## [Collected material]

= Beginning of Section =

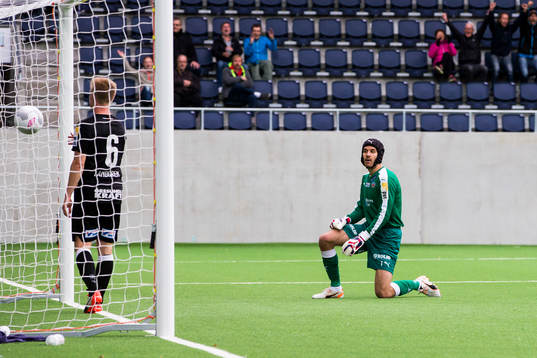 Helsingborgs målvakt Matt Pyzdrowski deppar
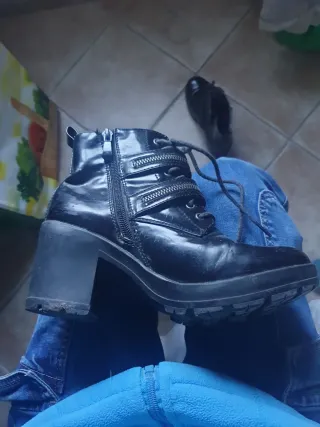 Botas negras talla 38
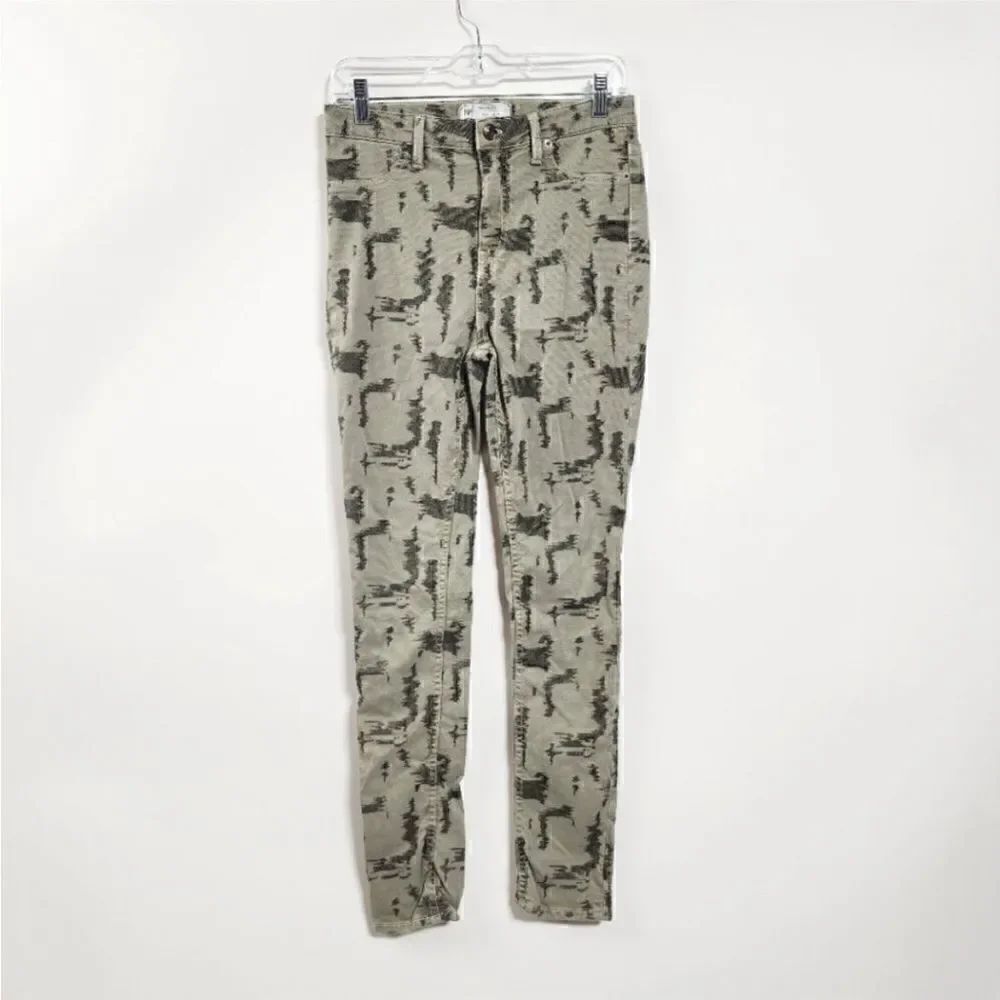 Free People Women Size 29 Long and Lean edgy Camo Skinny Denim Jeans - Picture 9 of 14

= End of Section =

Repeat the data above exactly, images excluded.

## [Task solution]
 Helsingborgs målvakt Matt Pyzdrowski deppar
 Botas negras talla 38
 Free People Women Size 29 Long and Lean edgy Camo Skinny Denim Jeans - Picture 9 of 14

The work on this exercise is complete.